> **YOUR TASK**
Output the listing word for word, minus pictures.

> **DATASET EXCERPT**
:::::

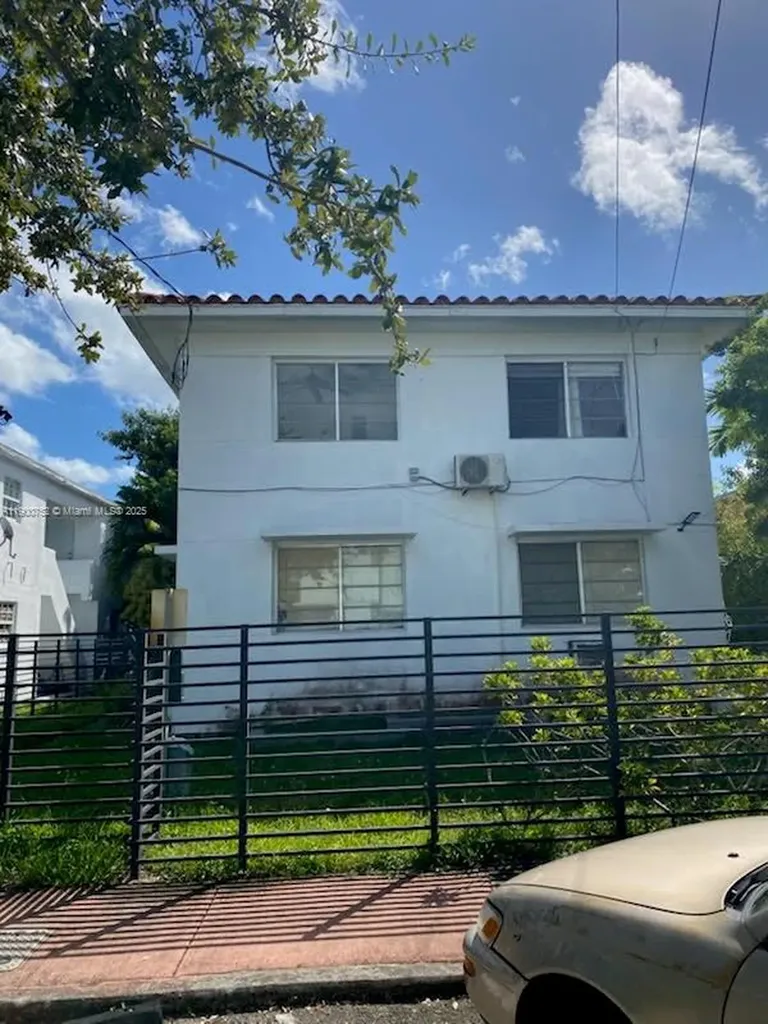 1949 Marseille Drive Miami Beach FL 33141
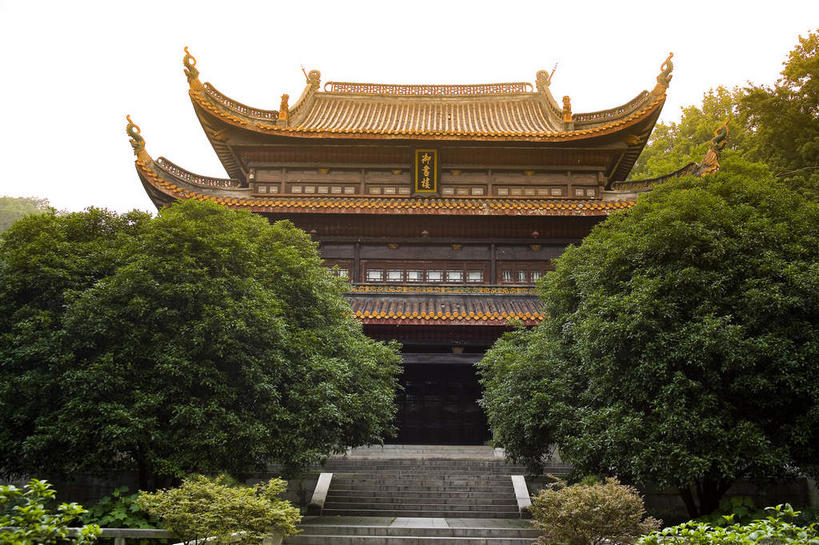 无人,学校,教学楼,横图,室外,白天,仰视,旅游,度假,草地,草坪,名胜古迹,植物,楼梯,门,标志建筑,道路,地标,建筑,路,中国,亚洲,阴影,遗迹,光线,瓦片,影子,阶梯,屋顶,屋檐,小路,交通,顶棚,古迹,文物,娱乐,建设,古建筑,校园,檐,台阶,草,树,树木,绿色,天空,阳光,自然,门框,天,享受,休闲,教室,旅游胜地,放松,生长,成长,古文明,东亚,湖南,湖南省,中华人民共和国,省会,华中地区,长沙,长沙市,湘,彩图,低角度拍摄,教学大楼,岳麓山,岳麓山风景名胜区,岳麓书院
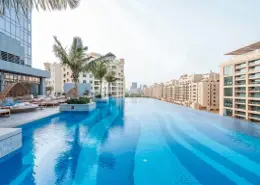 صورة لـ حوض سباحة شقة - 1 حمام للبيع في برج النخيل - نخلة الجميرا - دبي ، صورة رقم 1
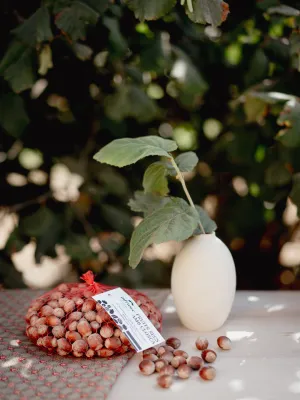 Avellana amb closca l'Avellanera 1 kg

:::::

> **RESPONSE TO THE TASK**
 1949 Marseille Drive Miami Beach FL 33141
 无人,学校,教学楼,横图,室外,白天,仰视,旅游,度假,草地,草坪,名胜古迹,植物,楼梯,门,标志建筑,道路,地标,建筑,路,中国,亚洲,阴影,遗迹,光线,瓦片,影子,阶梯,屋顶,屋檐,小路,交通,顶棚,古迹,文物,娱乐,建设,古建筑,校园,檐,台阶,草,树,树木,绿色,天空,阳光,自然,门框,天,享受,休闲,教室,旅游胜地,放松,生长,成长,古文明,东亚,湖南,湖南省,中华人民共和国,省会,华中地区,长沙,长沙市,湘,彩图,低角度拍摄,教学大楼,岳麓山,岳麓山风景名胜区,岳麓书院
 صورة لـ حوض سباحة شقة - 1 حمام للبيع في برج النخيل - نخلة الجميرا - دبي ، صورة رقم 1
 Avellana amb closca l'Avellanera 1 kg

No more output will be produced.